Saturday, November 6, 2010

Colored Heat-Chapter 3


Chapter Three


                On the white side of town, June 19th was just another day, and it dawned just as hot.  I had slept well on my grandmother’s pullout bed, and I was up early.
                Breakfast was bacon and eggs, cooked by my grandmother and served at the kitchen table.  She had an oxygen tank and a twenty-five foot long tube that reached from the tank in the bedroom throughout the three rooms of her small apartment.  The food was hearty and fat, the way we all liked it in those days.
                “I need you to run to the market for me, baby,” she said to me between cigarette puffs, her oxygen mask perched on her forehead like sunglasses.  “Get a pencil from that drawer in there, and there’s paper on the shelf.”
I obliged, and took down the several items she wanted.  I got her green purse from the bedroom closet and she gave me a twenty for the groceries.  “Get whatever you want for yourself, too,” she added, as she had done as long as I could remember.  I kissed her wrinkled cheek and headed out the door.
                My big yellow Chevy may have had working air conditioning at some point earlier in its life, but I never saw it.  Air conditioning to me was to roll down the windows, usually while driving, and go fast.  I couldn’t go very fast in the winding streets of the old folks’ development, however, so to cool off I drove up to South 12th Street and headed to the highway at the edge of town.  Along the way I passed a few black people, including a skinny teenaged girl walking in the opposite direction, toward town.
                After driving around for a few minutes and cooling off the Chevy’s black interior, I decided to venture downtown to see if there were any bookstores.  I had a vague memory from long ago of a post office lobby where stood a magazine rack run by a blind man, and I wondered if he was still there.
                But before I reached the post office I saw two things: a sign for a used paperback bookstore, and a crowd of black people of all ages milling about on the street.  I didn’t think much of it at the time, but I did ask the man at the bookstore what was going on.

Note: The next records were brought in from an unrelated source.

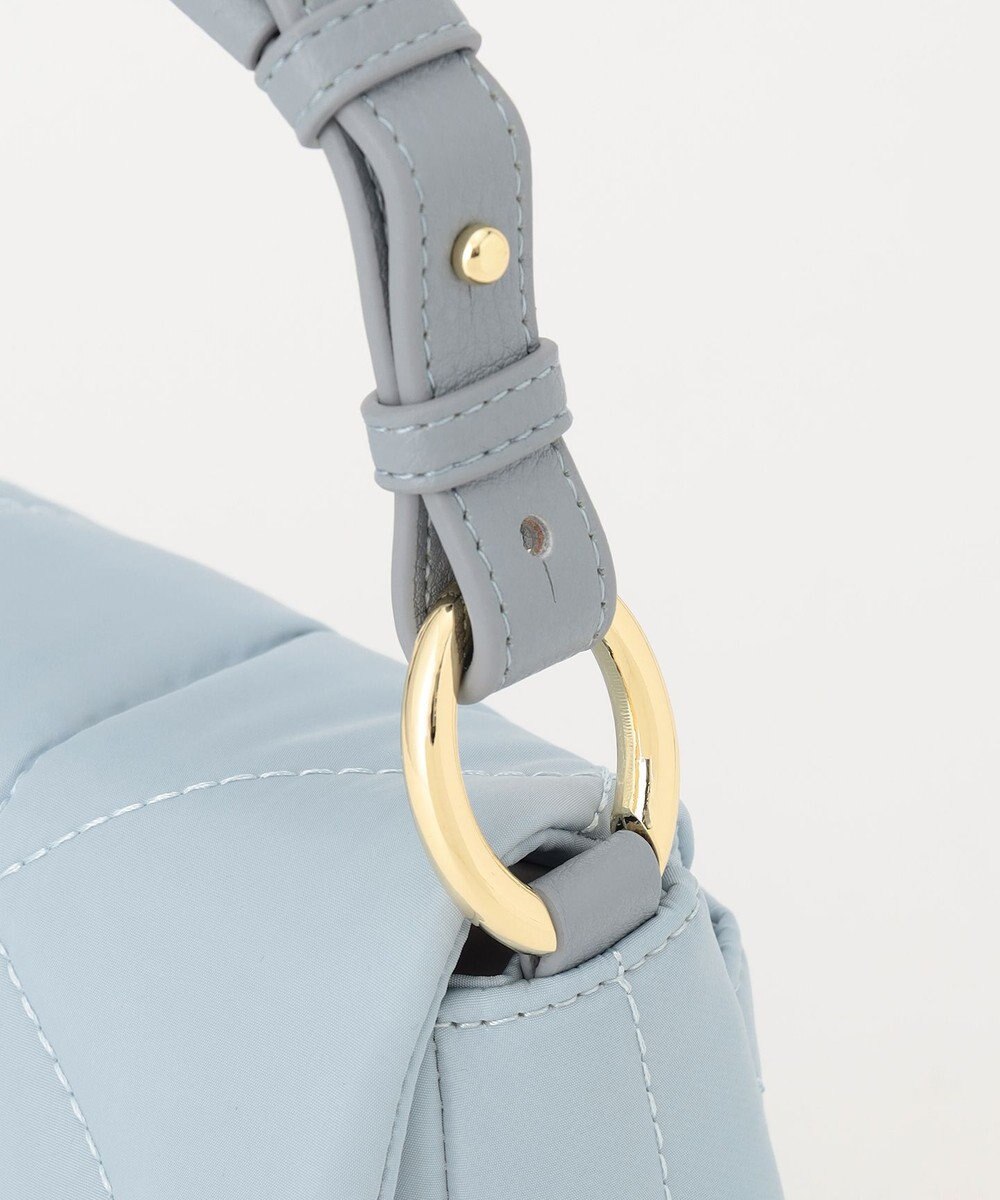 自由区 【2WAY】キルト２WAYバッグ 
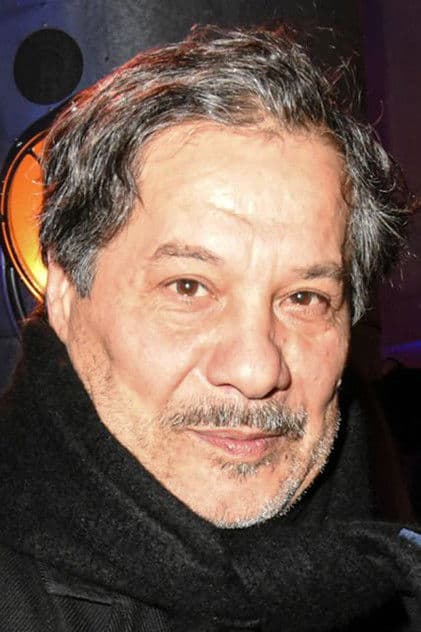 Actor Mostefa Djadjam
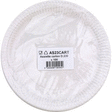 Assiette carton D230 x100 - Bazar - Promocash Vendome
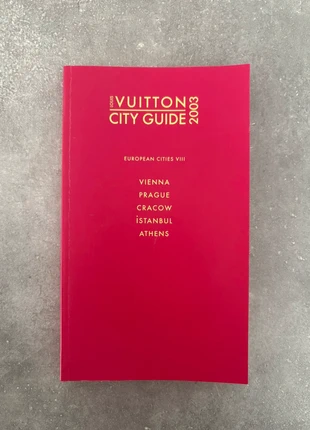 City Guide Louis Vuitton, condizioni: Nuovo senza cartellino, €6.00, €7.00 include la Protezione acquisti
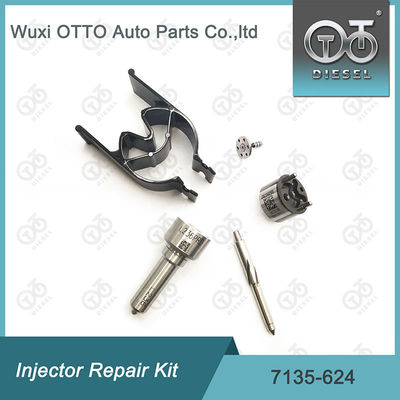 Nozzle-CVA Kit 7135-624 Delphi Injector Repair Kit for DAIMLER R04201D with L236PRD Nozzle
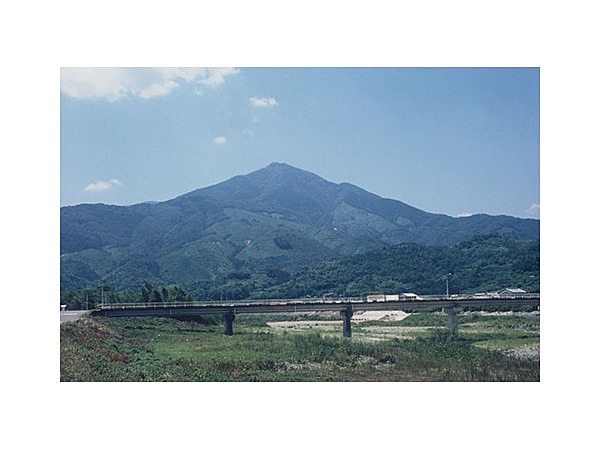 高越山（阿波富士）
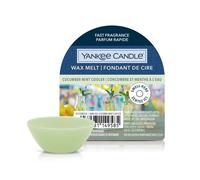 Cire À Fondre WAX MELT Concombre Menthe Cooler YANKEE CANDLE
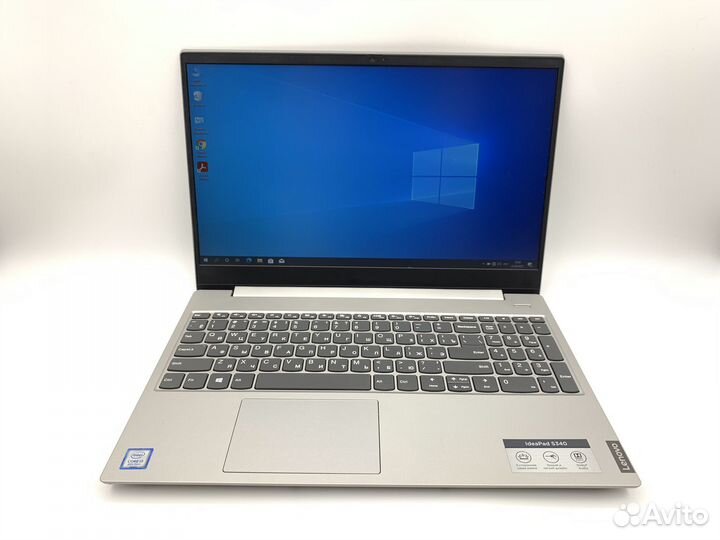 Свежий, мощный ноутбук (3.4 ггц/ SSD/ 8 гб)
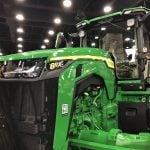 Deere 8RX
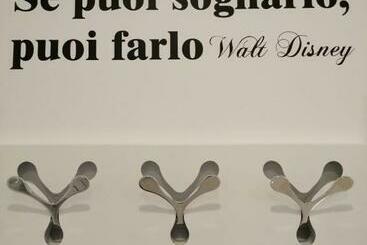 Bed and Breakfast Casa Vacanza “in Versi “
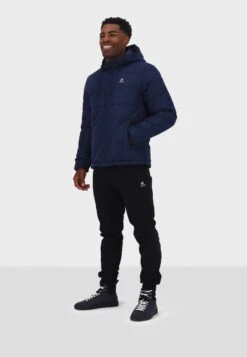 Le Coq Sportif Essentiels - Winterjas - Navy Blue -Jack and Jones Verkoopwinkel 214971f2bcba4e84b2bc56e7f068787b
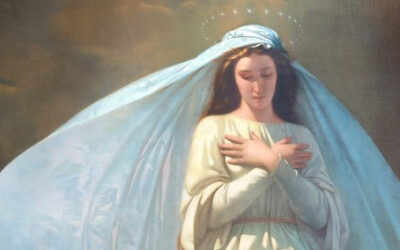 La Biblia respalda la enseñanza católica de la Inmaculada Concepción que afirma que María fue concebida sin mancha de pecado original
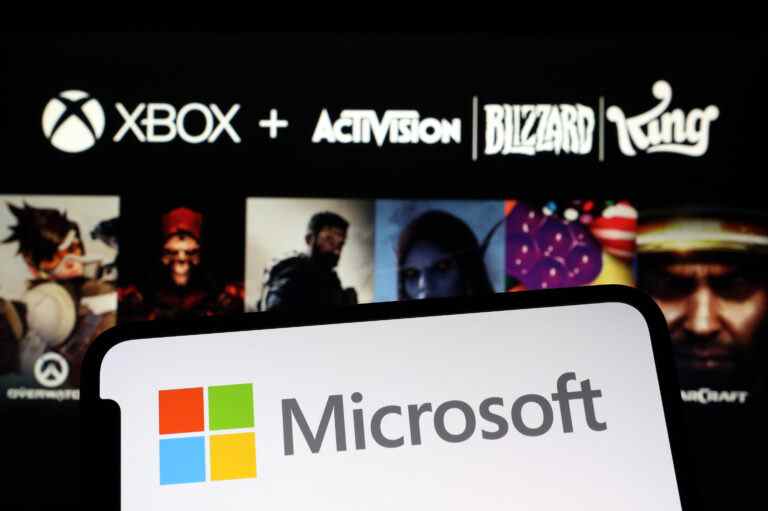 L’achat d’Activision Blizzard par Microsoft fera l’objet d’une enquête britannique « approfondie »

                He was a fat man with a red face and black hair plastered to his head with oil.  He looked at me over his glasses and said, “You mean all them niggers?”
                “Yes,” I smiled.  “Where are they all going?”

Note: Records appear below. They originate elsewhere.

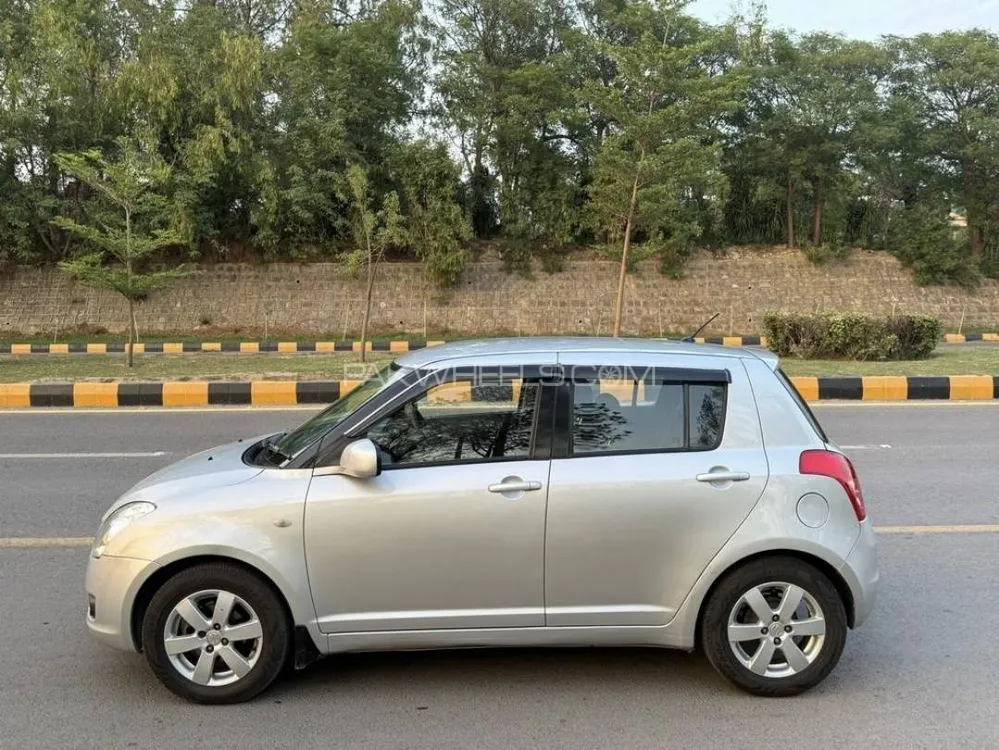 Suzuki Swift 2012 for Sale in Islamabad Suzuki Swift 2012 for Sale in Islamabad Image-3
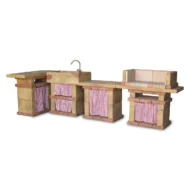 cucina Emilia major col. old stone, 40CEMMOS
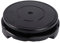DOITOOL 10cm Round Wooden Base Stand for Vase, Lamp, Teapot - Chinese Display Holder With Wooden Base
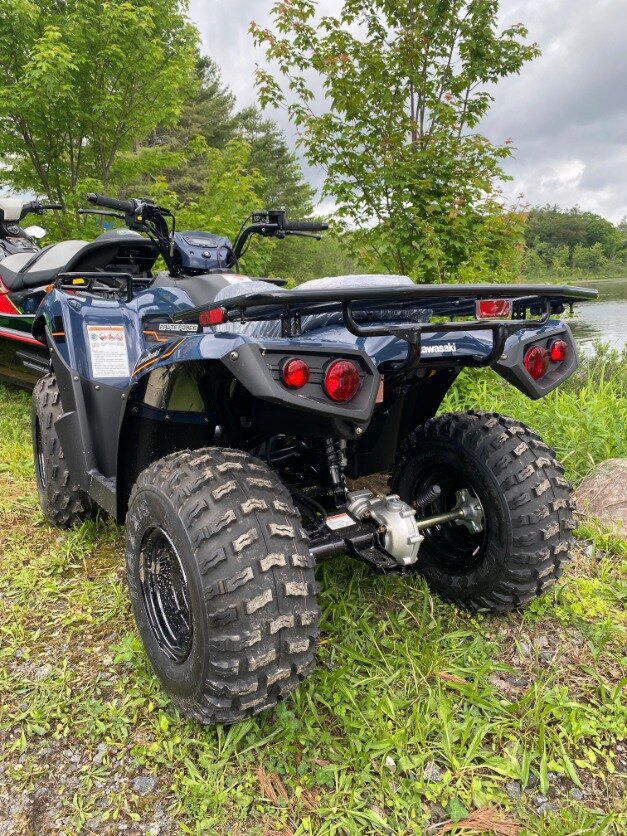 2025 Kawasaki BRUTE FORCE 300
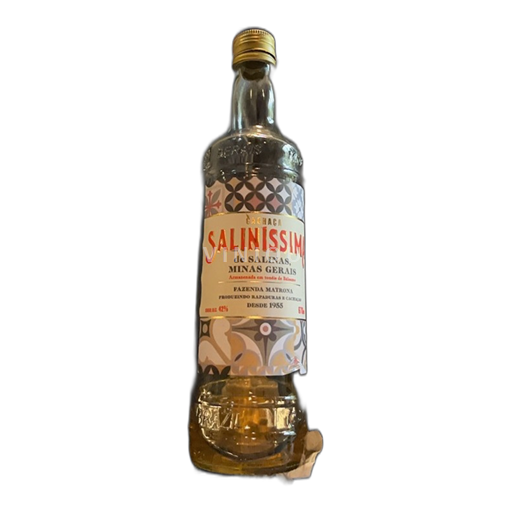 Rum Belo Salinissima Fazenda matrone  Brazilija Minas Gerais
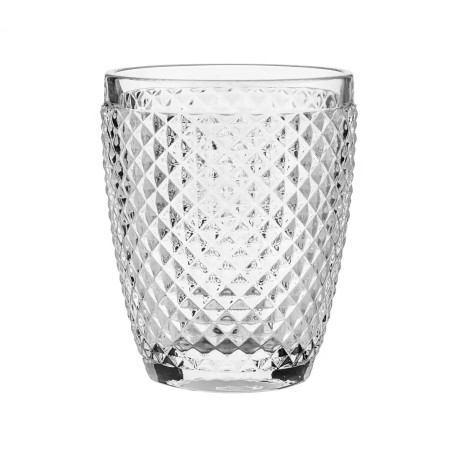 Vaso de colores picos "Diamante". 30 CL. B'GHEST (6 unidades)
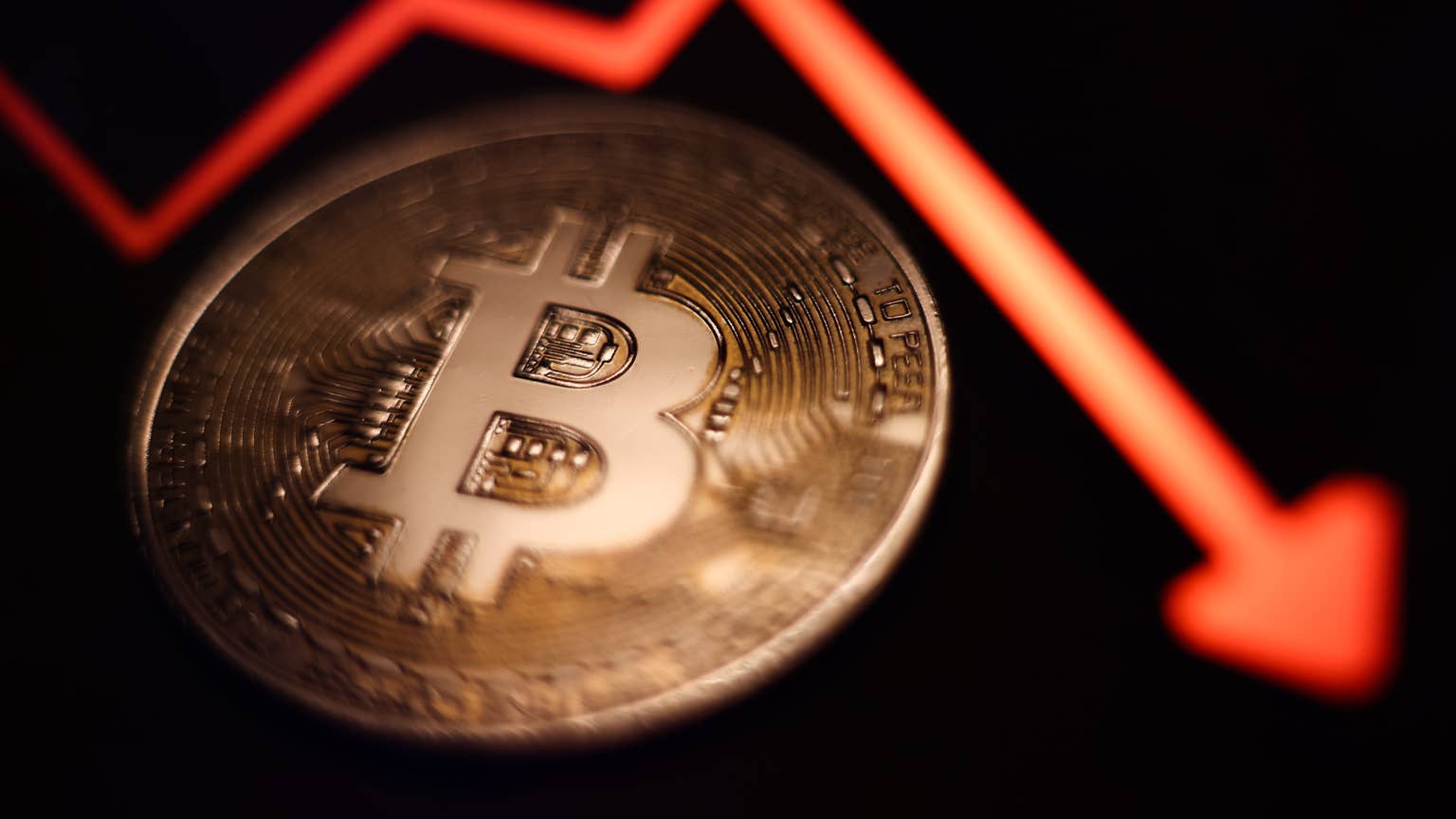 crypto market crash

                “Their parade.  Don’t you know it’s Juneteenth?”  He looked at me a bit like a scientist looks at a bug he’s never seen before.
                “What’s that?” I asked, figuring out in my mind that, since it was June 19th, this must be some contraction of the date, but not understanding the meaning.

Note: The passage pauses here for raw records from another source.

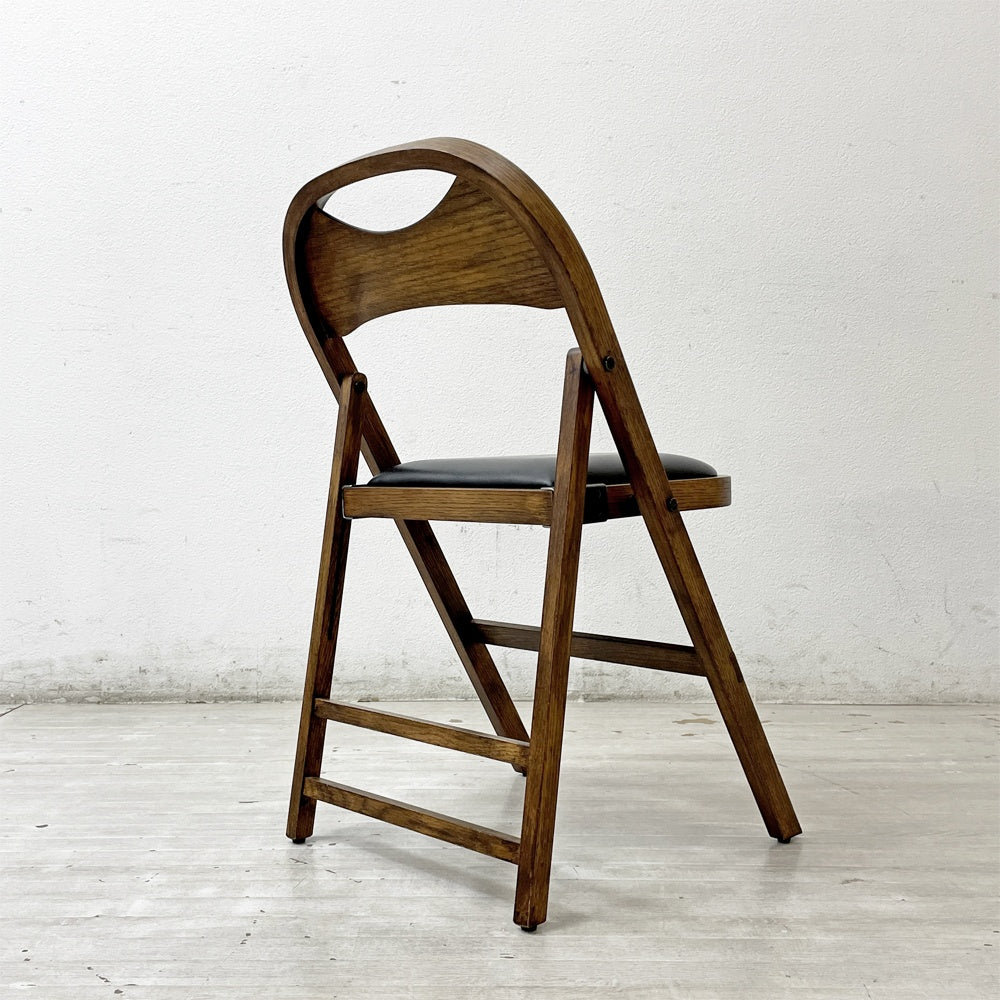 アクメファニチャー ACME Furniture カルバーチェア CULVER CHAIR フォールディングチェア ラバーウッド B ●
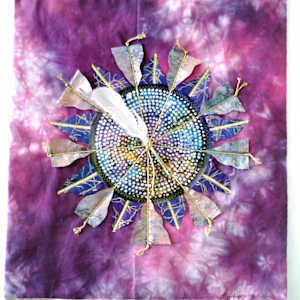 Arrowheads in Flight II by Katrina Sjoberg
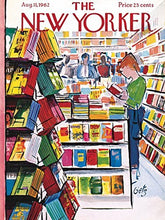Load image into Gallery viewer, The Bookstore - NYPC New Yorker Collection Puzzle 1000 Pieces - Celador Books &amp; Gifts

                “Juneteenth started right at the end of the War Between the States,” he told me, “when Abraham Lincoln” (his lip curled slightly at the name) “freed the slaves up north.  There wasn’t no TV or radio then, see, and news traveled mighty slow.”
        “So?” I prodded.
                “So, by the time the owners found out about what Lincoln had done, some time had passed.  And they were in no hurry to tell their niggers, so they waited awhile.  When the niggers finally found out the government had gone and freed them, it was June 19th, 1865, and in Texas that’s been a nigger holiday ever since!”
                We both laughed, and I browsed through the racks of paperbacks for awhile before stepping back out into the June heat.  I got in the Chevy, which was hot again, despite my having left all the windows down.  I thought about driving by the Juneteenth parade but decided to head for the grocery store and get back to my grandmother’s apartment before she began to worry about where I’d gone.
                I drove out of downtown Ransom and didn’t hear the shot fired a block away.